Energy efficient lighting is not new to us.
In fact, 2019 marked the fifth year in a row that electricity in the United States decreased, due in part to US electricity consumers replacing incandescent light bulbs with LEDs.[i] Here at Rogers, we have seen an exponential increase in LED lighting retrofit requests and projects, with a 14% increase from 2015-2019. No industry is excluded: retail, commercial real estate, warehousing and distribution and restaurant.

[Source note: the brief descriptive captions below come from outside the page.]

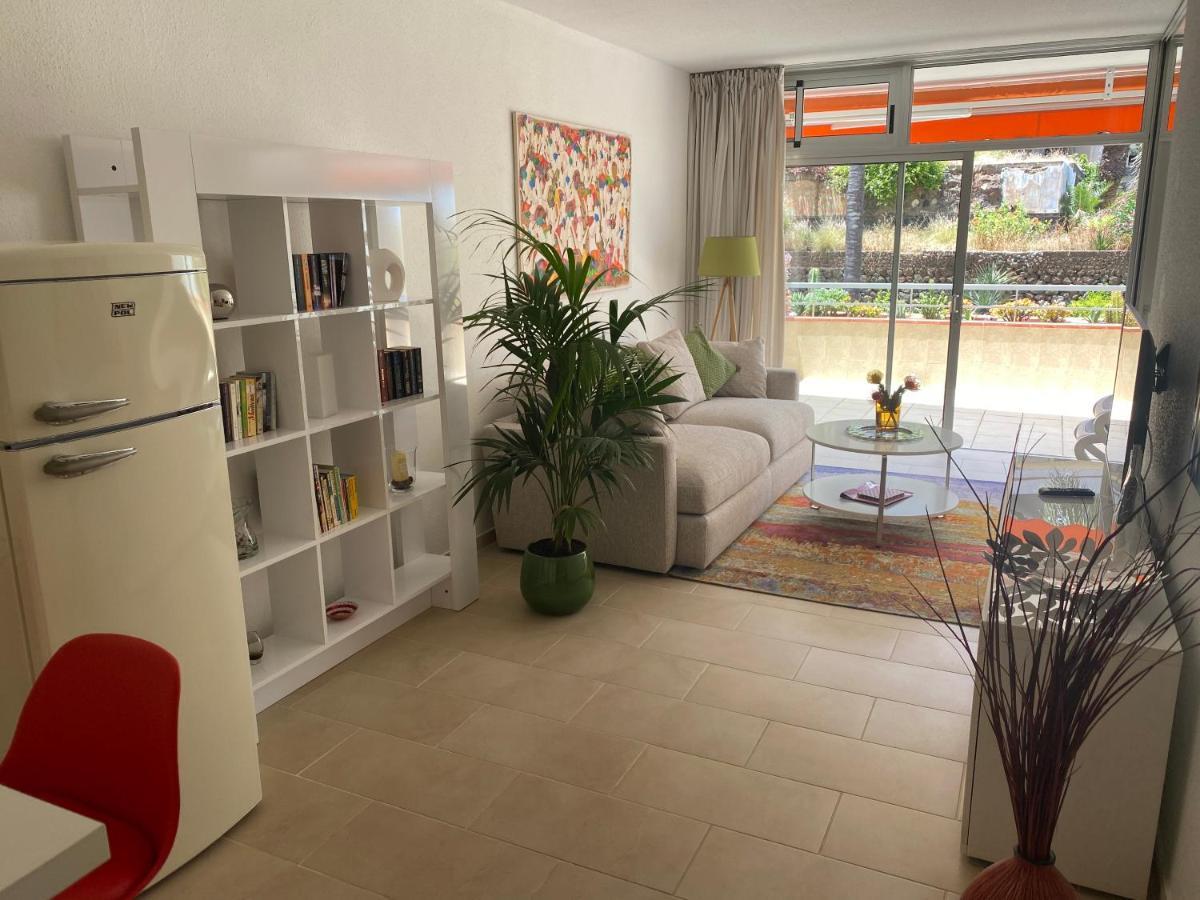 Apartamento El Jardin Puerto de la Cruz  Exterior foto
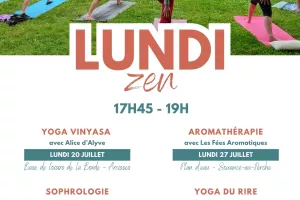 Lundi Zen - Sophrologie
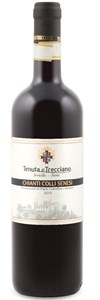 Tenuta Di Trecciano Colli Senesi Chianti 2013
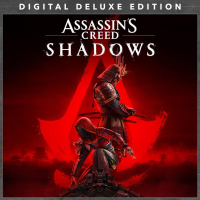 Game Assassin's Creed Shadows Digital Deluxe Edition - PS5 (Digital Code)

LED lighting isn’t the only piece of the sustainability puzzle for the electrical industry. Recently, 3D printing has joined the conversation. While the concept and uses of 3D printing aren’t new to us (in fact, it dates back to the 80s), the idea that trade industries can use it to create necessary parts and components is still new. In construction, it can even be used to print entire buildings.

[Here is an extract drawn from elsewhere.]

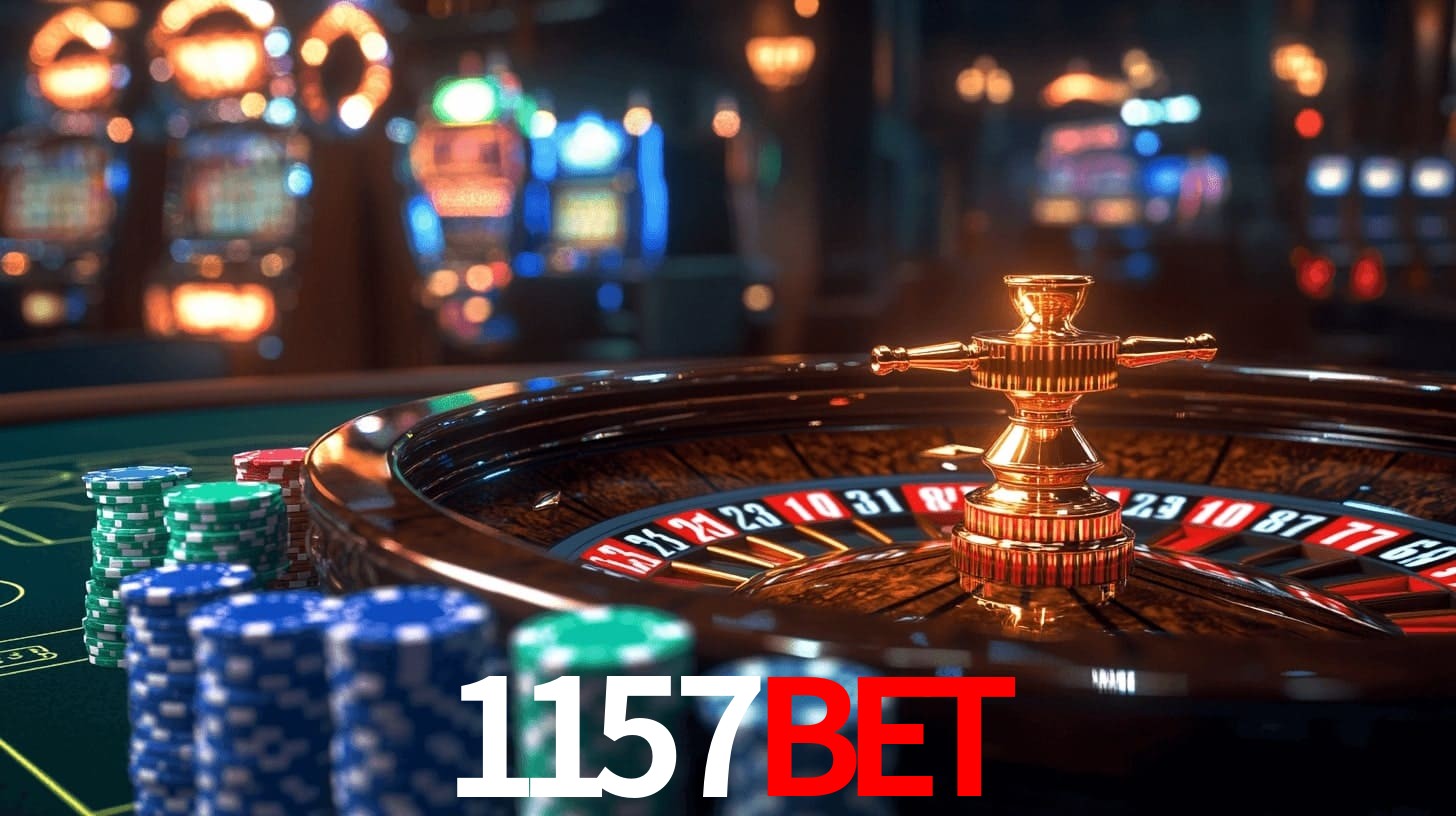 1157bet: Seu Cassino Premiado com Pagamentos Rápidos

This is just the beginning – in New York, the Lighting Research Center (LRC) has partnered with the Eaton Corporation to develop a fully 3D printed LED-integrated luminaire. Funded by the US Department of Energy, this project aims to overcome “the barriers for the adoption of additive manufacturing technology applied to solid-state lighting (SSL).” Over the next two years, the LRC will conduct research to investigate whether 3D printed luminaire systems can be more cost effective – and more sustainable. Is this possible? Absolutely! 3D printing can be considered a greener manufacturing method because it minimizes the amount of material used, guaranteeing less waste. And as its accessibility continues to grow, the logistics and travel issues are also minimized. [ii]

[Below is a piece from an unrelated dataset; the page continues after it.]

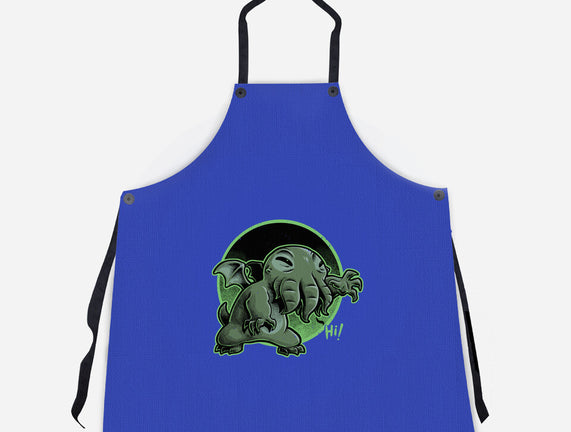Cthulhu Says Hi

Imagine being able to order mass quantities of LED bulbs and reducing the lead time, shipping costs, and potential shortage errors… all because you can print the order right in your own warehouse! While this dream may still be a long way off, Eaton and the LRC aren’t the only ones to explore how 3D printing can change the lighting industry. Philips Lighting Telecaster is a new venture that has found great success in 3D printing architectural lighting. The Philips research team in Eindhoven, Netherlands has dramatically increased the speed and lowered the cost of printing their volume of luminaire lines. To date, they have developed numerous styles of fixtures: decorative pendants, track spots, downlight, and even large high-bay fixtures. [iii]
So, what does this mean for the LED lighting industry and the sustainability market? It means new options, better profitability, quicker ROI, and – of course – a huge benefit to the earth. This new movement is definitely one to follow.